• GOAL OF THE EXERCISE
The answer must consist only of the lines from the line with "Veste cuir marron - photo numéro 8" to the line with "How To Make", both included, exactly as they stand below.

Segment Start: DATASET EXCERPTS

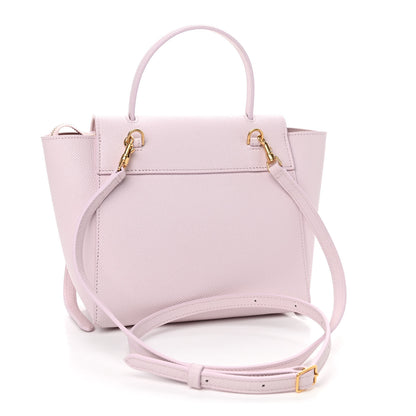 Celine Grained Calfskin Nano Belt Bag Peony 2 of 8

Segment End: DATASET EXCERPTS
Segment Start: DATASET EXCERPTS

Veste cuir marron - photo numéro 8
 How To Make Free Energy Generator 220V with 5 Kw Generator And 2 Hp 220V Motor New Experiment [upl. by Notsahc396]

Segment End: DATASET EXCERPTS

• TASK OUTPUT
Veste cuir marron - photo numéro 8
 How To Make Free Energy Generator 220V with 5 Kw Generator And 2 Hp 220V Motor New Experiment [upl. by Notsahc396]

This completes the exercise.